(Stored items)
------------------------------------------------------------

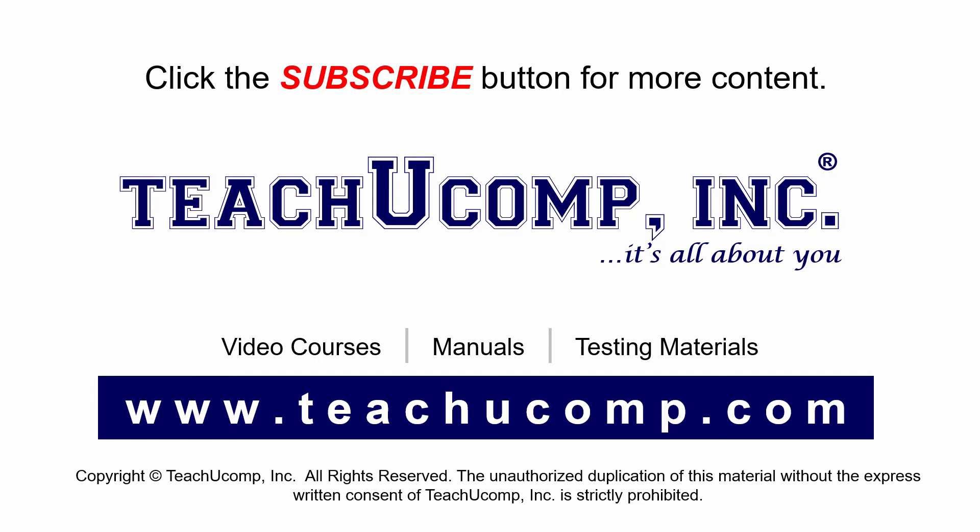Remember to click the subscribe button to see more of our videos. Get ad-free courses at teachucomp.com.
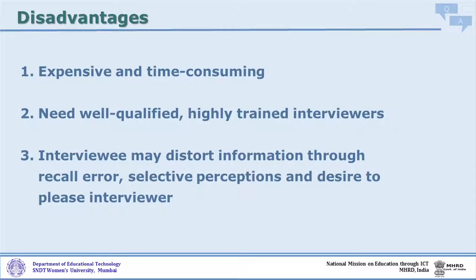Interviews also need well-qualified and trained manpower. The interviewers need to be properly trained in the importance, sequence, language, and way of conducting, starting, and concluding the interview. If training is inadequate and they fail, the kind of data they bring back will be incorrect or improper, and your findings will be based on flawed data.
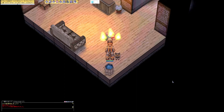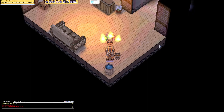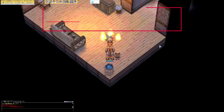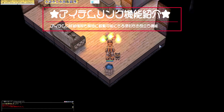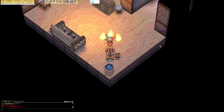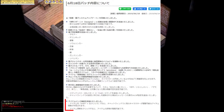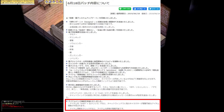今回のご気楽的動画は、アイテムリンク機能の紹介動画になります。アイテムリンク機能って何やっていう方もいらっしゃるかもしれないんですけれども、少し前になりますけれども、2019年の6月18日のパッチ内容において載せられていた機能なんですね。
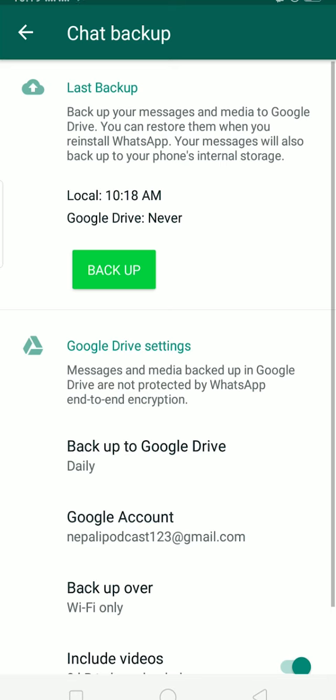That's how you backup WhatsApp images to Google Photos. If you found this video helpful, be sure to like and subscribe with notifications on, and comment below what video we should make next. Have a nice day, peace out!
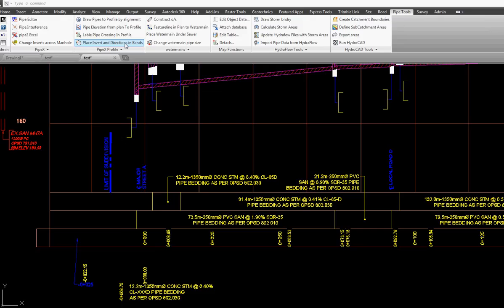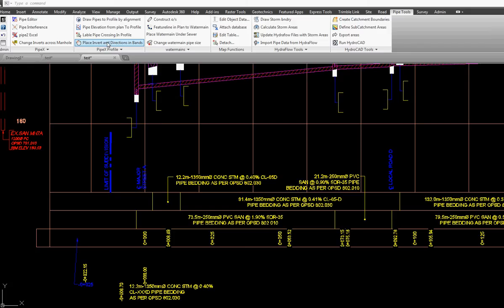Hi my name is Robert Steltman. Today I'm going to show you how to place inverts in these bands with options for construction north and directions.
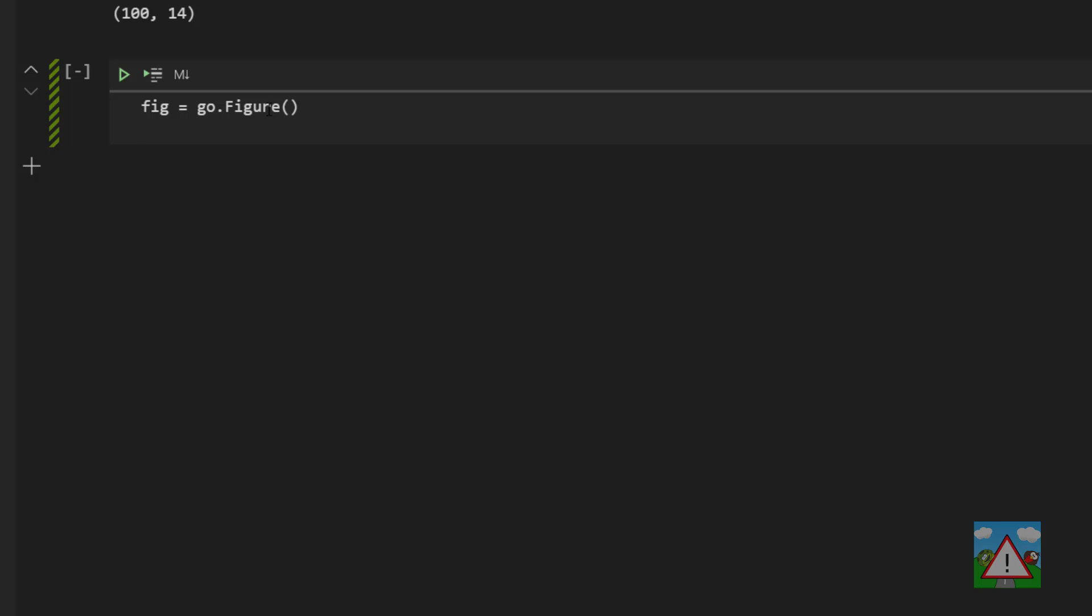So we're going to type fig.add_trace(go.candlestick() and I'm going to press enter and go onto a new line here so it's all a little bit clearer. And now we need to supply the x data which is the time, the open, the high, the low, and the close data.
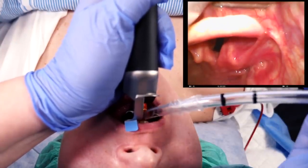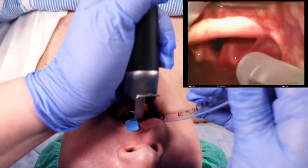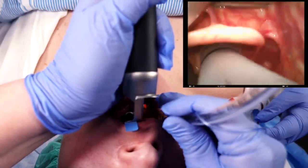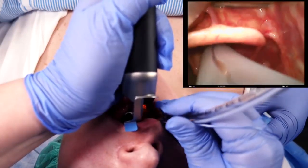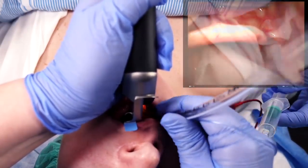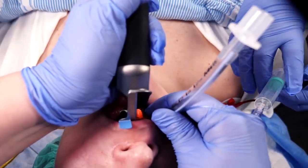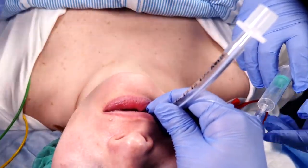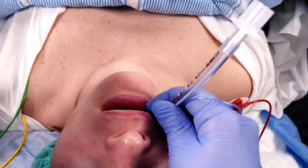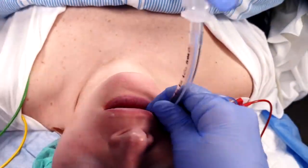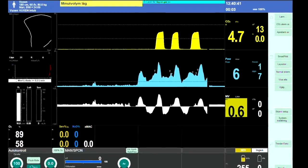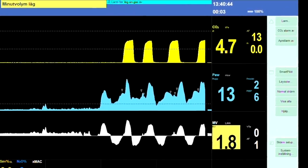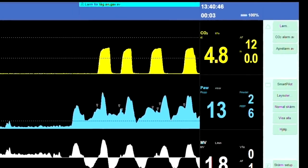Insert the tube carefully. Sometimes a gentle rotation is required to pass the vocal cords. Advance the tip until the cuff has disappeared and the vocal cords are between the two black lines. Ask for inflation of the cuff and carefully retract the laryngoscope. Hold the tube firmly while you confirm that it's lodged in the trachea and not the esophagus. The gold standard is return of end-tidal carbon dioxide over several respiratory cycles.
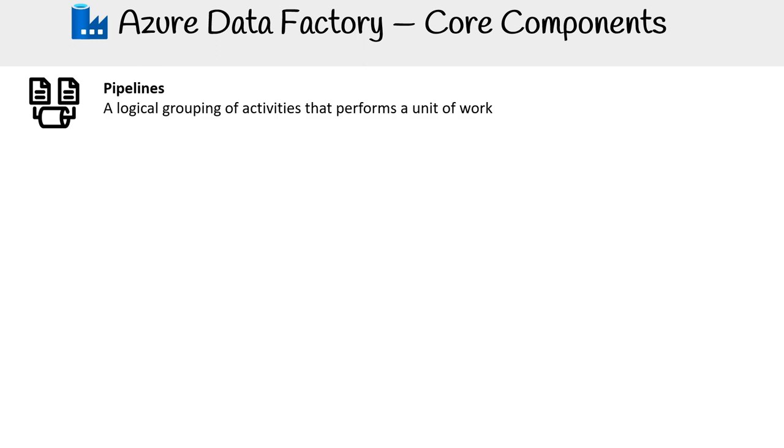Pipelines. Think of these as the assembly lines of your data factory. A pipeline is a logical grouping of activities that performs a unit of work. It orchestrates and automates the flow of data.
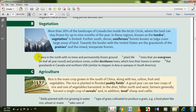Rice is the main crop grown in the south of China, along with tea, cotton, fruit, and vegetables. The rice is planted in flooded paddy fields — حقول الأرز — fields planted with rice growing in water. In the drier, hillier north and west, farmers generally harvest a single crop of cereals — الحبوب — types of grass cultivated to produce a grain, like rice, wheat, or maize. Tend here means take care of sheep and cattle.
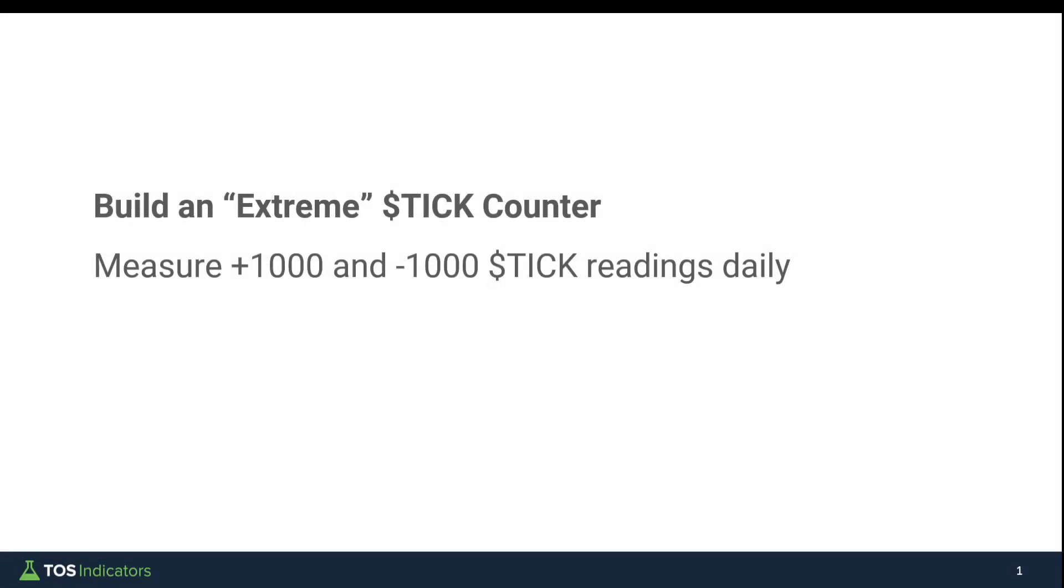Good afternoon, everyone. In today's video, we're going to be building our very own extreme tick counter reading indicator.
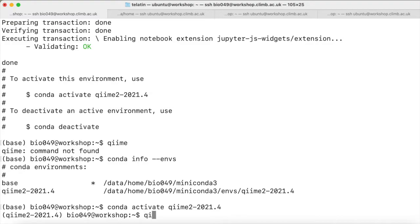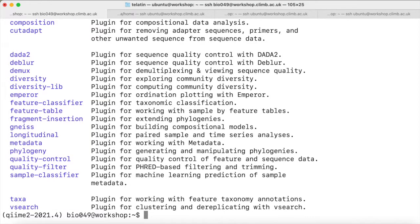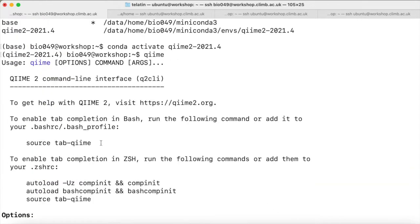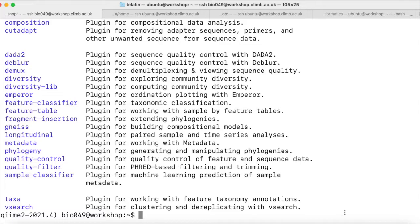Now, if we run QIIME, we will see that QIIME 2 has been installed and we can access the plugins from QIIME 2. Within the QIIME 2 environment, we can access QIIME and all the packages that QIIME installed for us — for example, Vsearch.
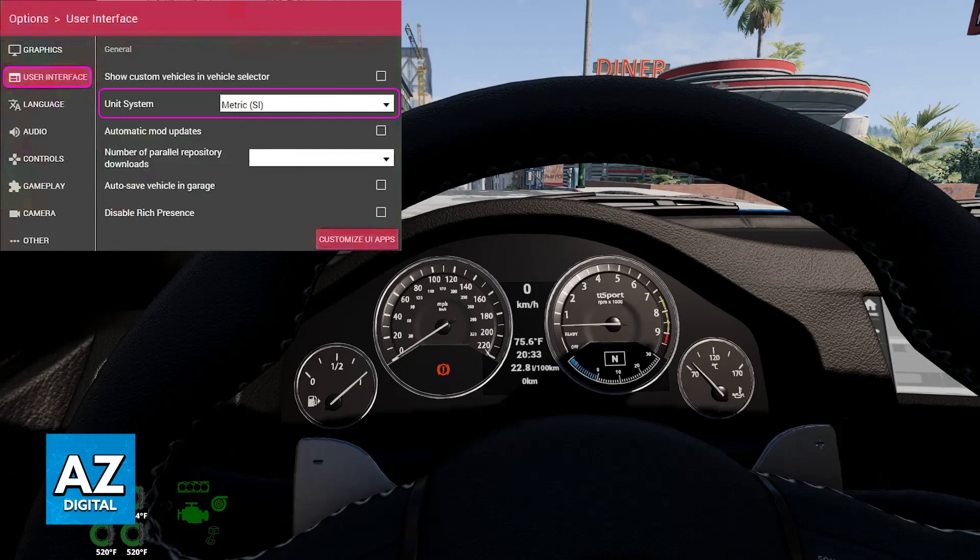You can always change back to any other available option and everything will be reflected. You don't have to restart the game — as soon as you change this, everything will be applied and you will see the new metric displayed.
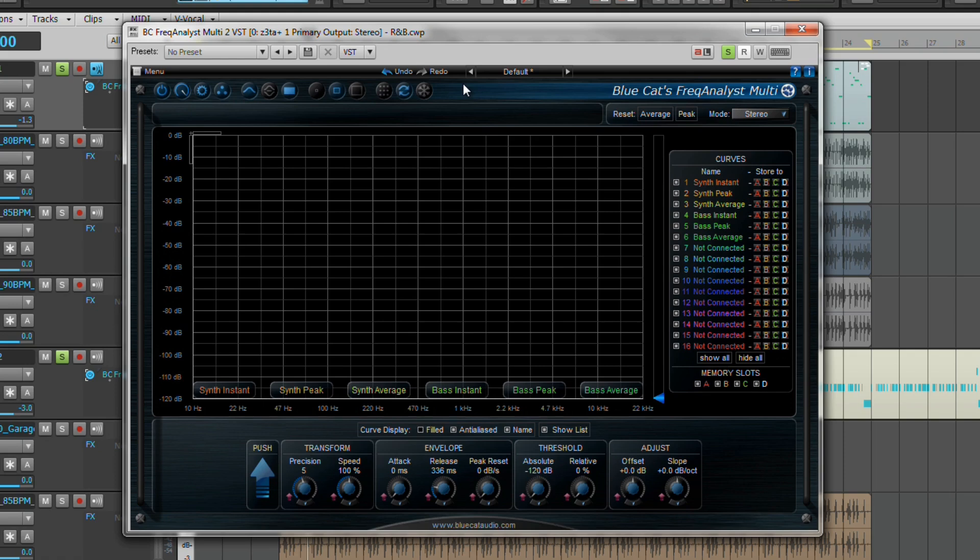Sometimes with analysts you need to have the EQ inserted in the track first before you go adding an analyst if it is to update itself of any changes you make to the EQ. So just remember to add your EQ first and it should work brilliantly.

------------------------------------------------------------

INSTRUCTIONS TO FOLLOW – Write the lines out exactly, beginning at the line that holds "Now, if we run" and stopping after the last line of the entries; include no pictures.

EXPECTED ANSWER –
Now, if we run QIIME, we will see that QIIME 2 has been installed and we can access the plugins from QIIME 2. Within the QIIME 2 environment, we can access QIIME and all the packages that QIIME installed for us — for example, Vsearch.
You can always change back to any other available option and everything will be reflected. You don't have to restart the game — as soon as you change this, everything will be applied and you will see the new metric displayed.
Sometimes with analysts you need to have the EQ inserted in the track first before you go adding an analyst if it is to update itself of any changes you make to the EQ. So just remember to add your EQ first and it should work brilliantly.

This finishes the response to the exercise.